Contrairement à ceux qui, au crafe ou ailleurs, parce qu'ils y trouvent une surface sociale, veulent faire prendre des vessies pour des lanternes, politiquement, nous sommes revenus en 1900. Magistère antipatriotique du Pouvoir, désorganisation des forces de résistance. Rien n'existe pour une Renaissance française. Sans doute, l'oeuvre de Maurras, Bainville, Daudet, Pierre Pujo, la légende des camelots du Roi sont un acquis, tout comme la pensée d'Aristote ou de Saint-Thomas, ou l'existence de Charlemagne et de Saint-Louis. Mais pour quelle utilité? A quoi a servi cette somme magnifique de dévouement et de perspicacité? Surtout, à quoi peut-elle, encore, servir?

Parler un langage communautaire, national, à une époque d'atomisation expose à ne pas être compris, ni suivi. C'est prêcher dans le désert. Ou, pire, dans le ghetto mondain des rallyes et des sacristies!

Remuer une agitation puérile sans préalablement faire de recrutement sélectif ni de formation sérieuse revient à vider l'Atlantique à la petite cuillère en fer blanc! On voit sans peine que ça n'a rien de politique! Cela la réduit à un simple boy-scoutisme, à un écologisme politique de baba-cool bobos, cathos ou aristos!

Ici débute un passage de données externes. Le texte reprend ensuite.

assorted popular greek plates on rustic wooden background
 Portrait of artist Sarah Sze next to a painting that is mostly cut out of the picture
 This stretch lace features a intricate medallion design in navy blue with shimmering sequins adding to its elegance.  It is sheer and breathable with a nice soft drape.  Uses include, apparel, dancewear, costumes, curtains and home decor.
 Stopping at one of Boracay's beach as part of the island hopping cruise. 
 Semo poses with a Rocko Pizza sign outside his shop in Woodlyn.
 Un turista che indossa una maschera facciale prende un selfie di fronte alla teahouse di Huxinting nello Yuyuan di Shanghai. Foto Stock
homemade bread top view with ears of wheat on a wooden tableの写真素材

Au total, loin d'être une solution-miracle, clés en mains, d'essence politique, qui pourrait s'accomplir d'un coup de baguette magique, voire de club de golf en carton-pâte, la Contre-Révolution est, avant tout, comme Renan - et Maurras après lui - l'avait bien vu, une Réforme intellectuelle et morale. Tout est à reprendre depuis le début!